What is the Lake Champlain Monster?

Jessica Ellis
Jessica Ellis

The Lake Champlain Monster, usually known as Champ, is a legendary creature believed by some to live in Lake Champlain near Burlington, Vermont. Like the Scottish lake monster of Loch Ness, Champ is considered by believers to be a lost relative of aquatic dinosaurs. A 1970s photo taken by an amateur photographer shows a large creature in the lake, but whether the photograph is real, distorted or a hoax remains a subject of great debate.

An audio recording of the Lake Champlain Monster seems to contain echolocation, a technique used by dolphins.
An audio recording of the Lake Champlain Monster seems to contain echolocation, a technique used by dolphins.

An alleged early story of the Lake Champlain Monster is credited to Samuel De Champlain, founder of Quebec and the man the lake is named for. In 1609, De Champlain is supposed to have reported seeing a large monster in the lake while fighting Iroquois on the banks of Lake Champlain. No true record of this sighting exists, and many experts believe the tale to be a hoax.

In 1883, a local sheriff claimed to have seen the monster, and his public announcement led to a flurry of other eyewitnesses to Champ’s mysterious appearances.
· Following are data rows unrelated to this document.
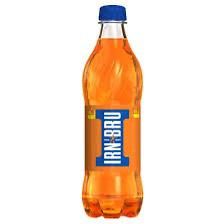 Irn Bru, 500ml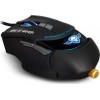 Spirit of Gamer XPERT-M8 Gaming Mouse BLK/BLUE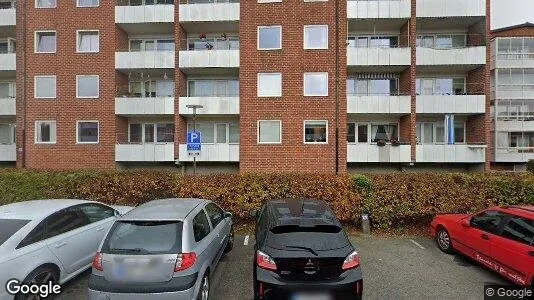 Apartments for rent in Fosie - Photo from Google Street View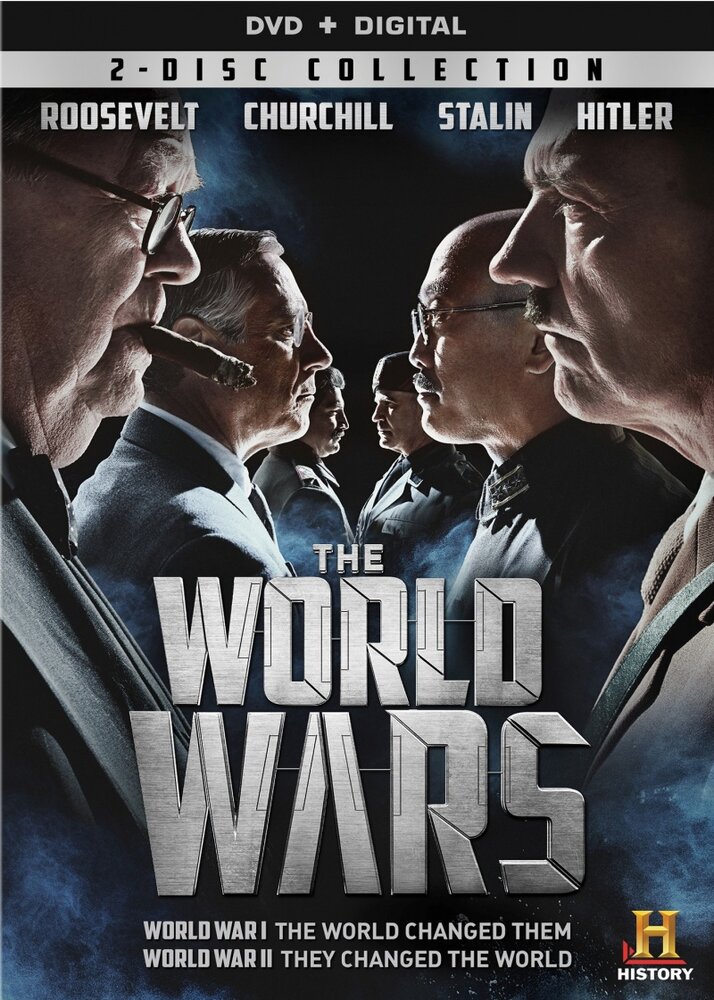 Мировые войны / The World Wars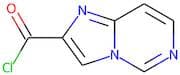 Imidazo[1,2-c]pyrimidine-2-carbonyl chloride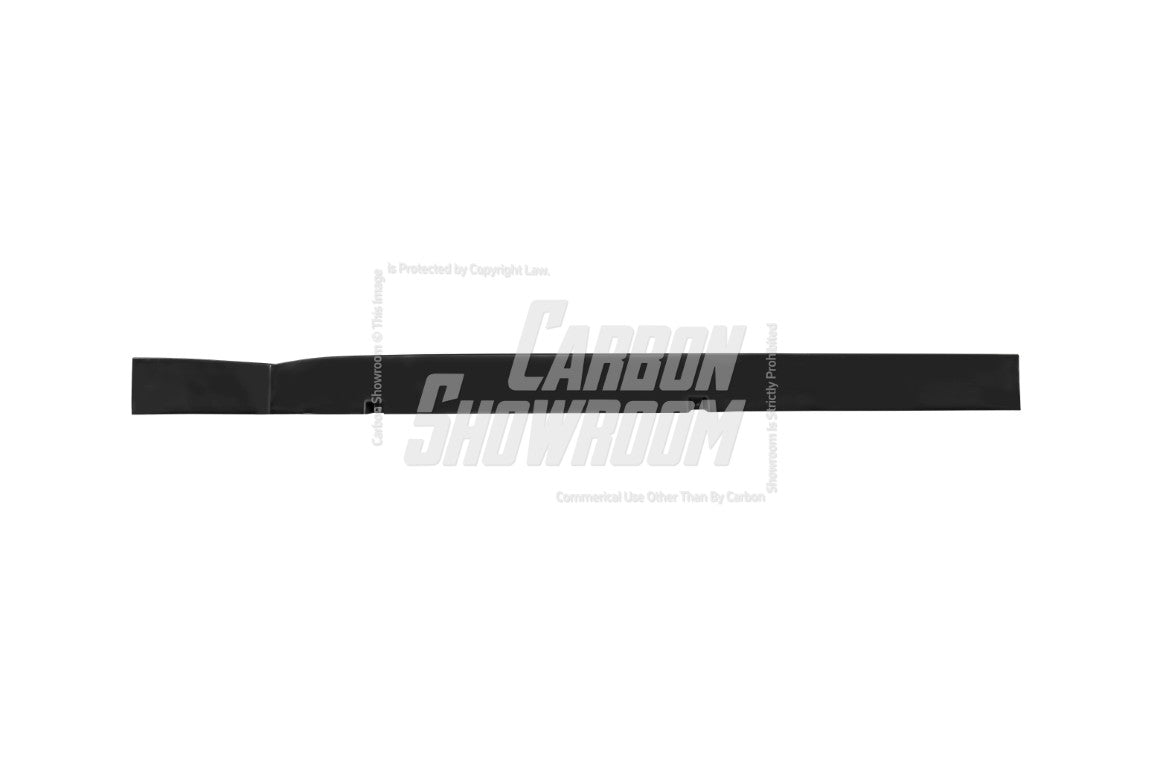 Honda Fit 3rd Gen GK3 GK4 GK5 GK6 GK7 GH7 GP5 GP6 2018 2019 2020 with Aftermarket Parts - Side Skirts PP from Yofer.co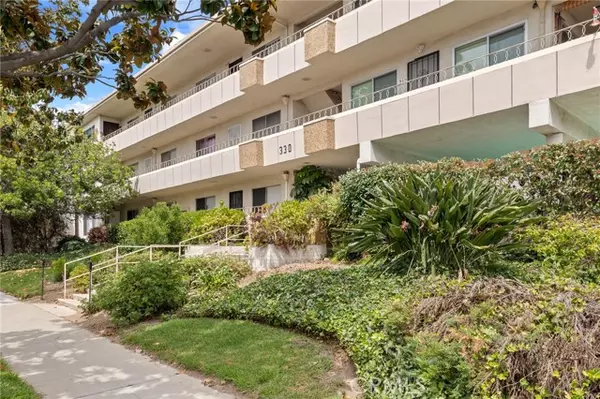 330 N Howard Street #201, Glendale, CA 91206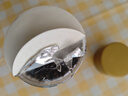 野三坡 黑白芝麻  即食粉烘焙免洗五谷杂粮 熟黑芝麻200g/瓶 实拍图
According the sheriff’s claim, the monster was at least 20 ft (6 m) in length. Fervor grew for proof of the Lake Champlain Monster, and legendary showman P.T. Barnum offered a $50,000 US Dollar (USD) reward for the carcass of the animal.

What many Champ-proponents believe to be definitive proof of the monster’s existence came in the form of a photograph taken in the late 1970s by a woman named Sandra Mansi. The Mansi photograph shows a startling image of what appears to be a long-necked, dinosaur-like creature approximately 150 ft (45 m) away from the shore of Lake Champlain. Ms. Mansi witnessed the creature with her husband and two children, and claimed it kept its head out of the water for about four to seven minutes before diving under the water. Experts are divided on what the photo truly shows, with some suggesting the creature in the photo is size-distorted, and others suggesting it is merely a floating tree stump or large bird.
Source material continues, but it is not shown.